LPL Financial is seeking to drive the traceability and performance of business-critical transactions across multiple systems, ensuring system resilience and enhancing the advisor experience.
Requirements
5+ years in observability, SRE, or related roles with a focus on transaction monitoring and tracing
Hands-on experience with tools like Dynatrace, ELK, Datadog, Splunk, Open Telemetry, Jaeger, or equivalent
Expertise in monitoring critical transactions in cloud environments (AWS, Azure, or Google Cloud)
Strong understanding of microservices architecture, APIs, and distributed systems
Proficiency in scripting or programming languages (e.g., Python, Go, Java) for automation and integration.
Certifications: Dynatrace Associate or Professional Certification.
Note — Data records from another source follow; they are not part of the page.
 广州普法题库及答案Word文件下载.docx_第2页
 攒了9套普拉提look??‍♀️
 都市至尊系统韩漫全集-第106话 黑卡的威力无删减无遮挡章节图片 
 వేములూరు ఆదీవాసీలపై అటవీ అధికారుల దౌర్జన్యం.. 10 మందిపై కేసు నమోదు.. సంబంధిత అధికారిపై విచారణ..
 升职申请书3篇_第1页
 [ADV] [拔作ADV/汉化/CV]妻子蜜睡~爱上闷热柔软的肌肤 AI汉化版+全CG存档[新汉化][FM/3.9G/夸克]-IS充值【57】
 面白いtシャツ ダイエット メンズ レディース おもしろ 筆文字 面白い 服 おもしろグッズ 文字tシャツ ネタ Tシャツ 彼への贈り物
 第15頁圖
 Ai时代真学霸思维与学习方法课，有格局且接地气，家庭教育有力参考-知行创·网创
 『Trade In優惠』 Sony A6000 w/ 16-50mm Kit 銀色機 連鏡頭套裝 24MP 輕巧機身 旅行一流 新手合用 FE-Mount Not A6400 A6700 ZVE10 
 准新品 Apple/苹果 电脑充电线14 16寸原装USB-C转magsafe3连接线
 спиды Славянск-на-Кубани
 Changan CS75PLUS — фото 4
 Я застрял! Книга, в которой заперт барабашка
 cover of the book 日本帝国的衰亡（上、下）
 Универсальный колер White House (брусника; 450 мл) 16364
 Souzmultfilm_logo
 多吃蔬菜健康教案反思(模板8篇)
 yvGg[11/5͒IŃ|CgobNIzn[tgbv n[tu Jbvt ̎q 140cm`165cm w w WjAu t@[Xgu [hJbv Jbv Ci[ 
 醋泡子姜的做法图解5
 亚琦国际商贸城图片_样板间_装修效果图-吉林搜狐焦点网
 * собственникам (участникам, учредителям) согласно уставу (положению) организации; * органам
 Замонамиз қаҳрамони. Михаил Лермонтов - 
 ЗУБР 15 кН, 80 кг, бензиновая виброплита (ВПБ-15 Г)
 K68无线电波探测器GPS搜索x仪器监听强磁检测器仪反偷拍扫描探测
Experience with Open Telemetry and other observability standards.
Responsibilities
End-to-End Observability: Design and implement observability frameworks for end-to-end transaction traceability across microservices, APIs, databases, and third-party integrations. Leverage tools like Dynatrace, Open Telemetry, ELK, Grafana to trace transactions and visualize dependencies. Build actionable dashboards and alerts to provide real-time insights into transaction health and performance.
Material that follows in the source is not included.